■ What you are asked to do:
Your copy should match the records exactly, except that it contains no pictures.

Short text fragments from websites:
########
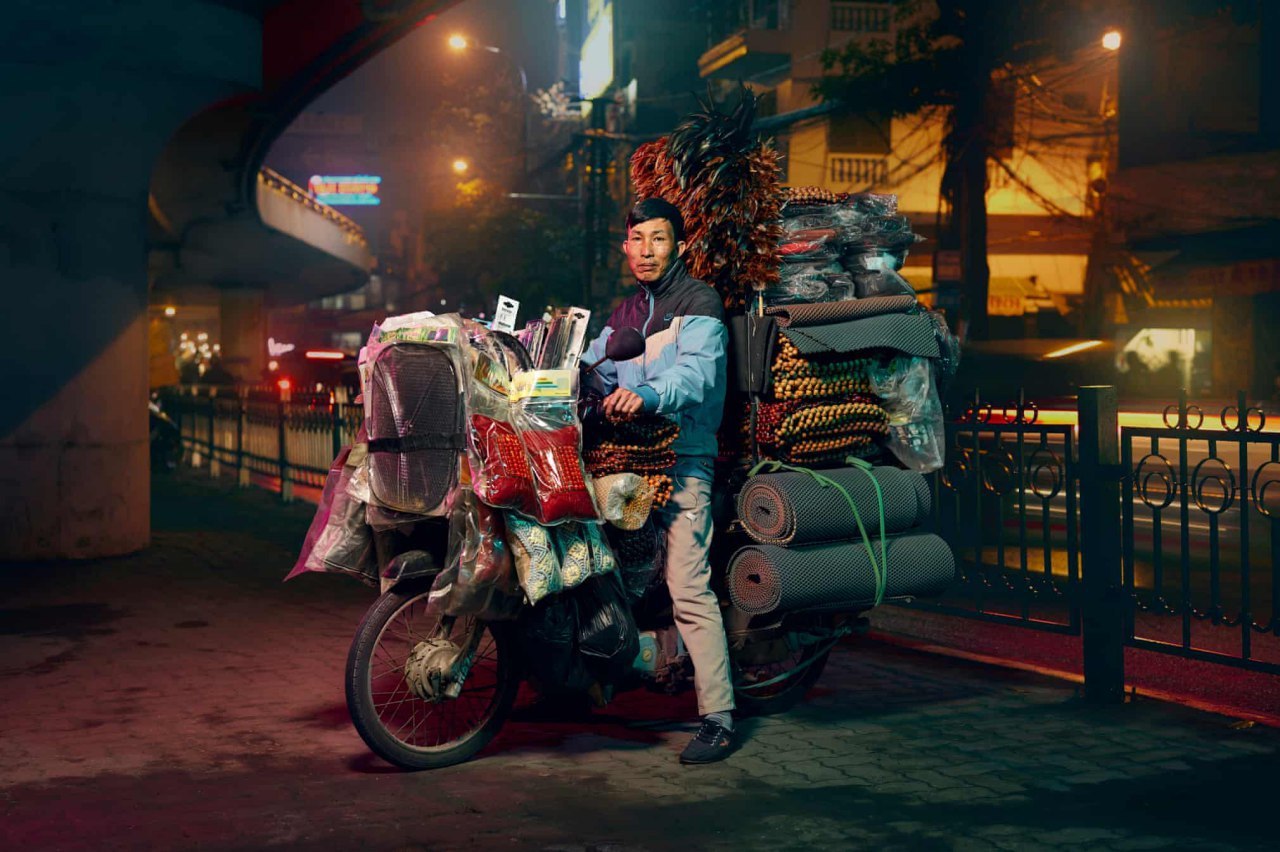 Delivery workers from Hanoi transporting goods on their scooters - The photo, Hanoi, Cargo, Deliveryman, Longpost, Vietnam, Moped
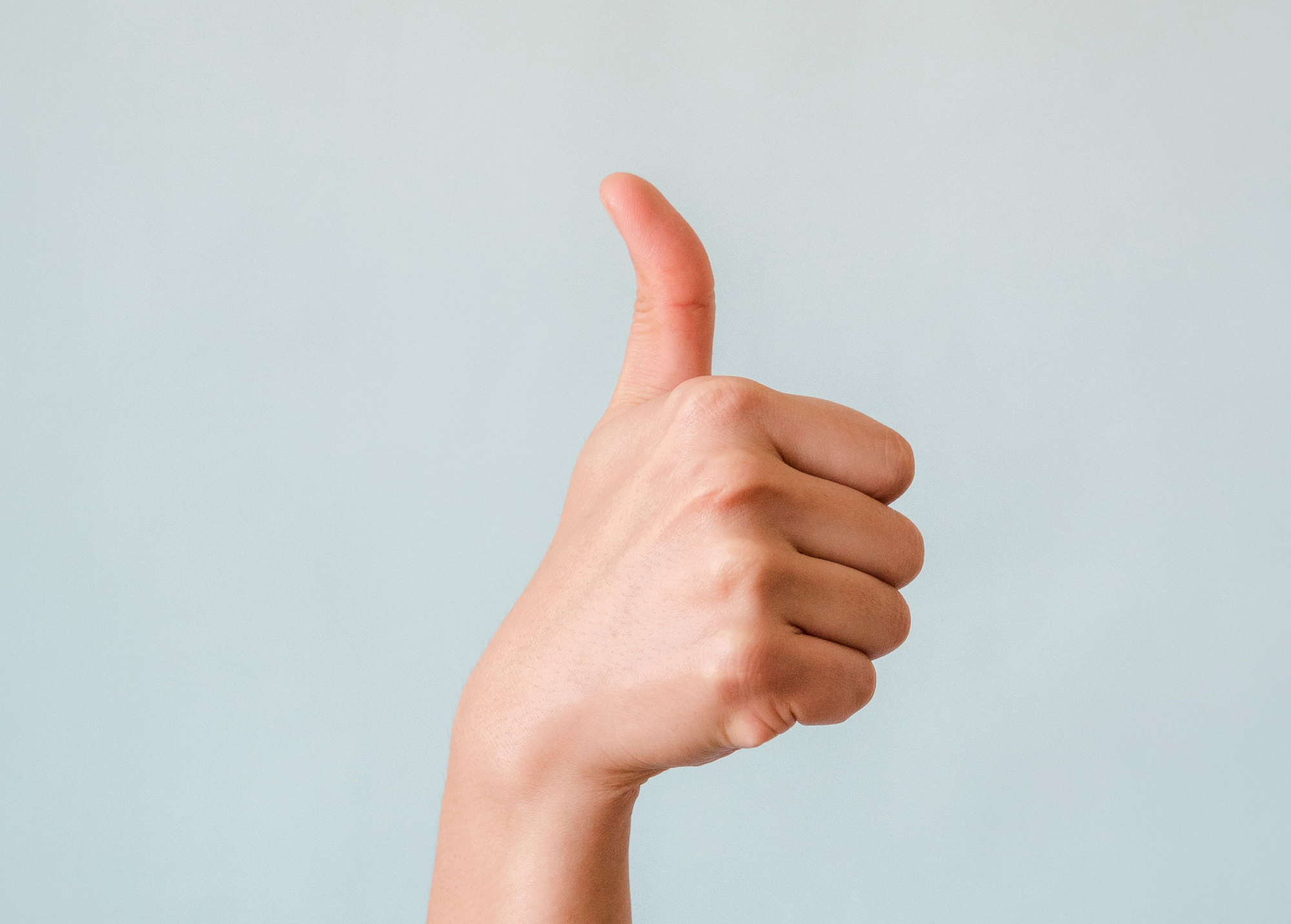 duim omhoog compliment pexels-kevin-malik-9017730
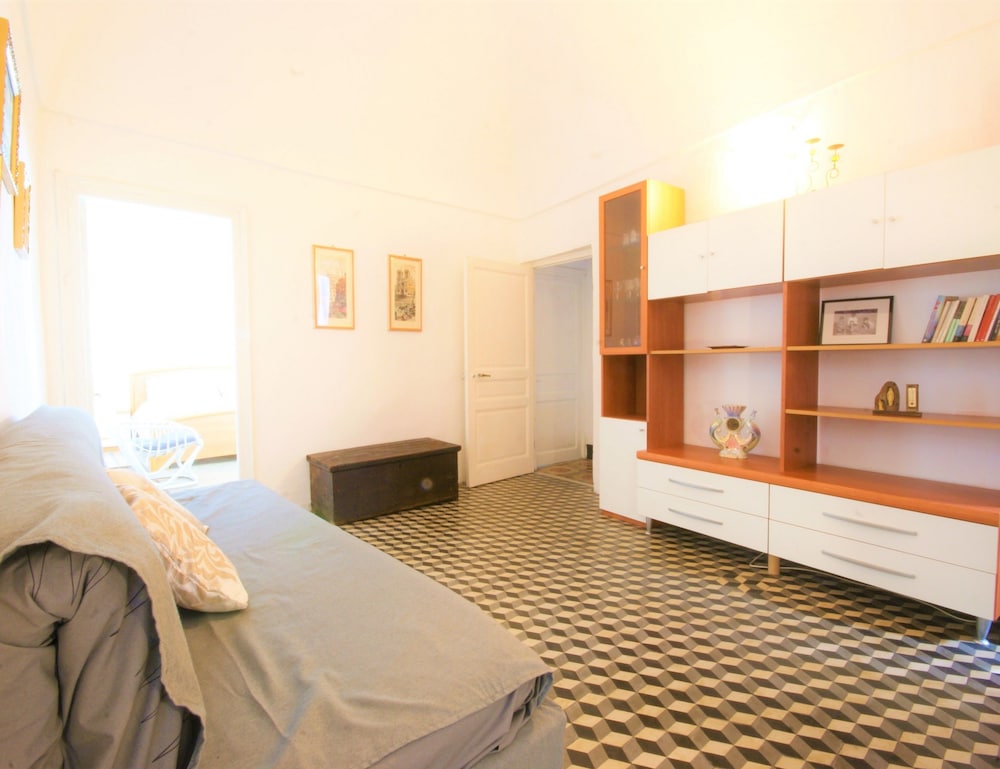 Apartment, 2 Bedrooms, Terrace photo 2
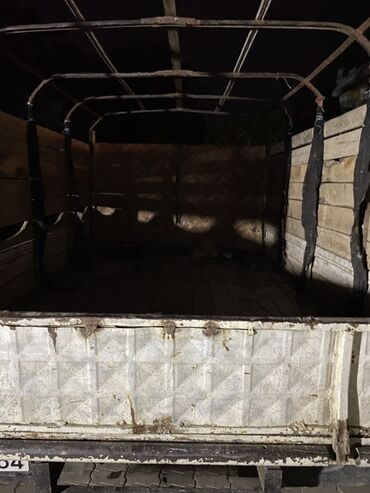 Yük maşınları: Yüngül yükdaşıma üçün praktiki bortlu yük maşını. Xüsusiyyətlər: - Ağ — 5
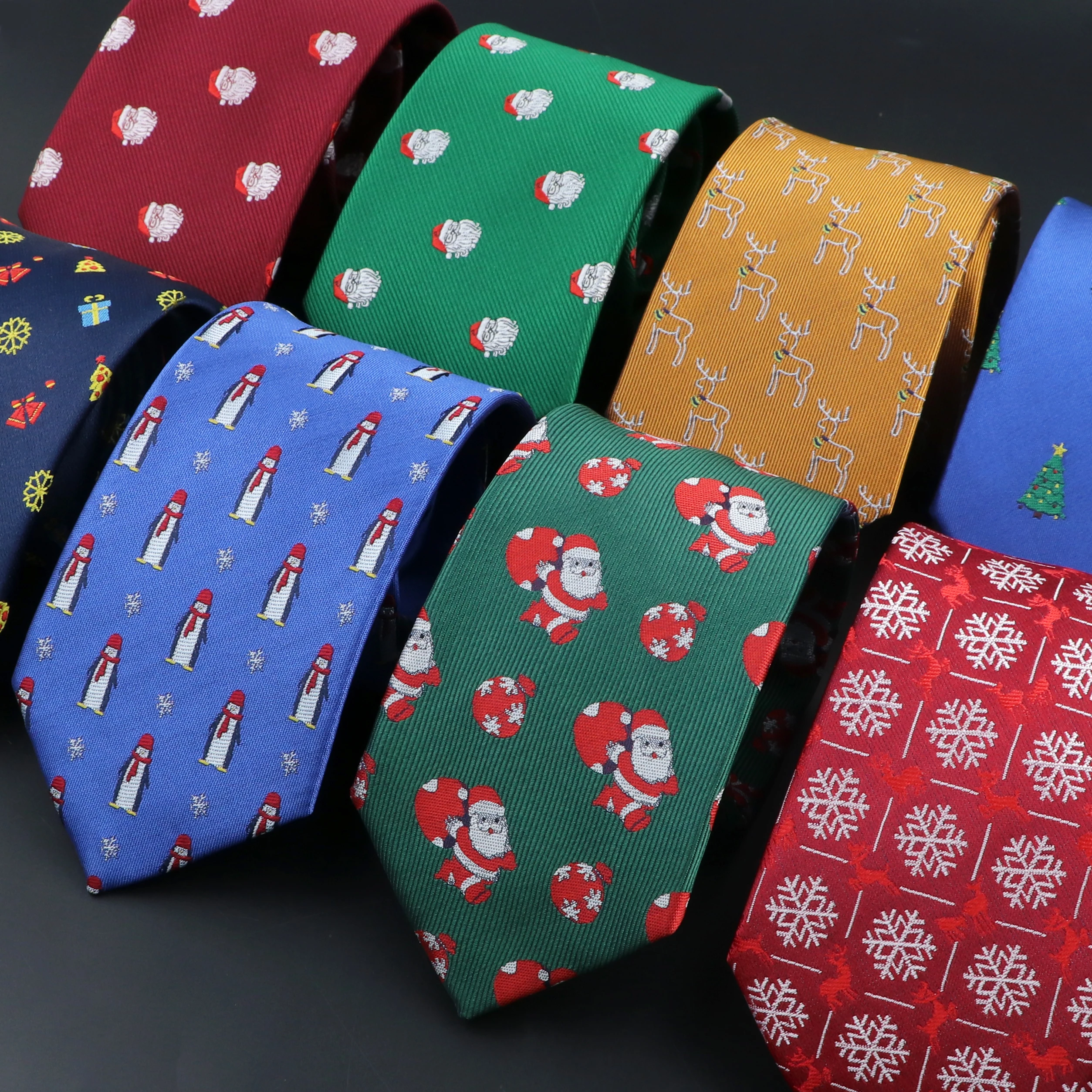 High Quality Christmas Mens Tie Classic Red Blue Green 8cm Width Festival  Necktie Tree Santa Claus Elk Cravat For Father Gift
########
■ Exercise output:
 Delivery workers from Hanoi transporting goods on their scooters - The photo, Hanoi, Cargo, Deliveryman, Longpost, Vietnam, Moped
 duim omhoog compliment pexels-kevin-malik-9017730
 Apartment, 2 Bedrooms, Terrace photo 2
 Yük maşınları: Yüngül yükdaşıma üçün praktiki bortlu yük maşını. Xüsusiyyətlər: - Ağ — 5
 High Quality Christmas Mens Tie Classic Red Blue Green 8cm Width Festival  Necktie Tree Santa Claus Elk Cravat For Father Gift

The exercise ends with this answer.